Laut der Stellungnahme des psychologischen Dienstes (ON 6) zeigt der Strafgefangene keine Bereitschaft, an – aus psychologischer Sicht indizierten – sucht- und deliktspezifischen Maßnahmen teilzunehmen. Zuletzt habe er im Juli 2025 erneut mitgeteilt, keine Therapie in Anspruch nehmen zu wollen und deren Wirksamkeit in Frage gestellt. Zuvor habe er mehrmals bestätigt, seine Strafe bis zum Ende verbüßen zu wollen. Angesichts der bislang fehlenden Auseinandersetzung mit den rückfallsrelevanten Risikofaktoren könne aus fachlicher Sicht keine bedingte Entlassung empfohlen werden.
In Übereinstimmung mit dieser Stellungnahme sprach sich auch der Anstaltsleiter der Justizanstalt Stein gegen eine bedingte Entlassung aus (ON 2,2) und wies darauf hin, dass es bisher nicht gelungen sei, den Verurteilten in den Arbeitsprozess zu integrieren. Eine Überstellung in den vorzeitigen Entlassungsvollzug sei nicht verfügt worden und aufgrund des hohen Strafrests bislang keine Vollzugslockerungen in Aussicht gestellt worden.
Das Führungsverhalten des Verurteilten ist durch drei Ordnungsstrafen getrübt, darunter zwei Pflichtverletzungen wegen Substanzmissbrauch (je positiver Harntest einmal auf Benzodiazepine und einmal auf Pinaca [synthetisches Cannabinoid]) sowie eine tätliche Auseinandersetzung mit einem Mitgefangenen (ON 8 bis ON 10 iZm ON 6).

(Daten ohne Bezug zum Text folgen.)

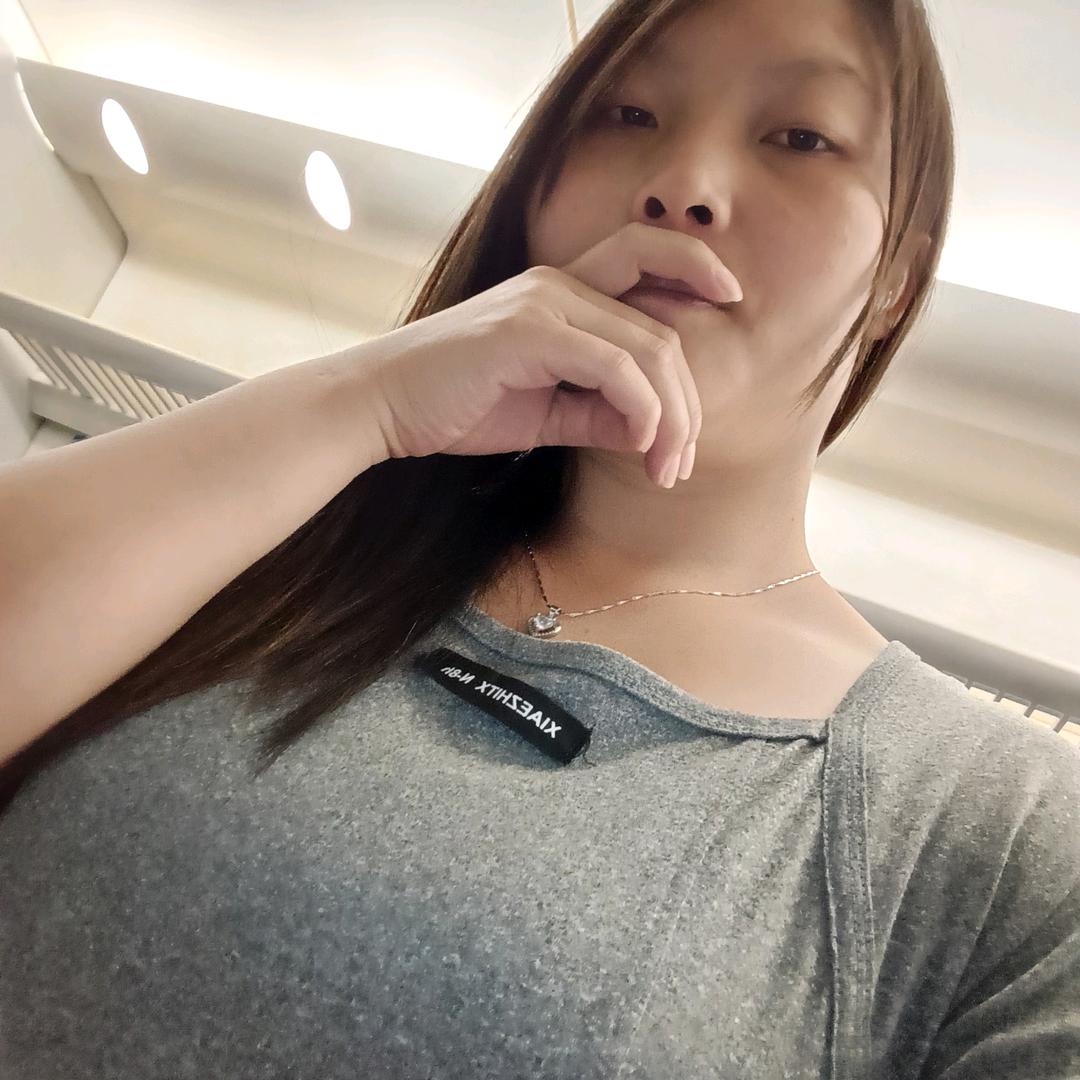 🚬༊烈້ᮨ酒伤꯭人心ꦿ一生只爱老板娘。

Vor diesem Hintergrund ist dem Erstgericht beizupflichten, dass eine bedingte Entlassung des Beschwerdeführers aus spezialpräventiven Erwägungen, insbesondere aufgrund der fehlenden Deliktsaufarbeitung und der mangelnden Bearbeitung der langjährigen Drogensuchtproblematik, die sich auch in dem in der Haft fortgesetzten Drogenkonsum(vgl erneut ON 9 und 10) zeigt, abzulehnen ist. Insbesondere im Hinblick auf die Tatbegehung unter dem Einfluss der bei A* infolge seines Drogenkomsums bestehenden Polytoxikomanie (ON 12.2, 5) kann unter diesen Voraussetzungen keine positive Zukunftsprognose ergestellt werden. Darüber hinaus hat es in den vergangenen Jahren keinerlei Vollzugslockerungen und Entlassungsvorbereitungen gegeben. Mangels Therapiebereitschaft sind auch keine Maßnahmen nach den §§ 50 bis 52 StGB ersehbar, die den Verurteilten nicht weniger als die weitere Verbüßung der Strafe von der Begehung strafbarer Handlungen abhalten würden.

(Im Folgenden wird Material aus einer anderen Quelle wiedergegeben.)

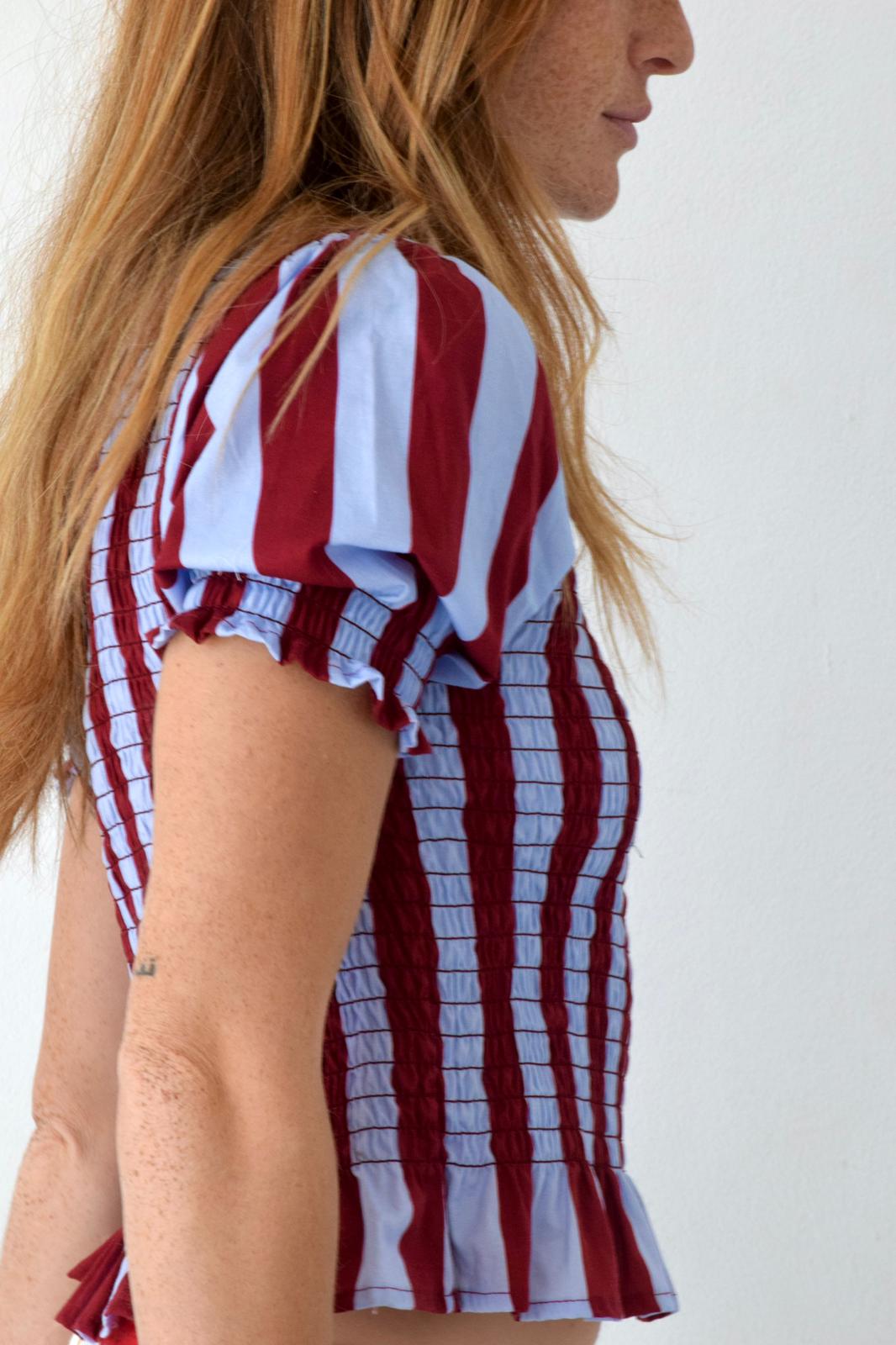 Blusa Chía Rayas Burgundy y Celeste Manga Corta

Es wird sohin am Beschwerdeführer liegen, sich dem für seine Person dringend erforderlichen Therapieprozess zu unterziehen und sich bei seiner Aufführung in der Justizanstalt zu bewähren, um im Falle einer entsprechenden Antragstellung auf bedingte Entlassung aus der Freiheitsstrafe positive Voraussetzungen zu schaffen
Der angefochtene Beschluss entspricht der Sach und Rechtslage, sodass der Beschwerde keine Folge zu geben war.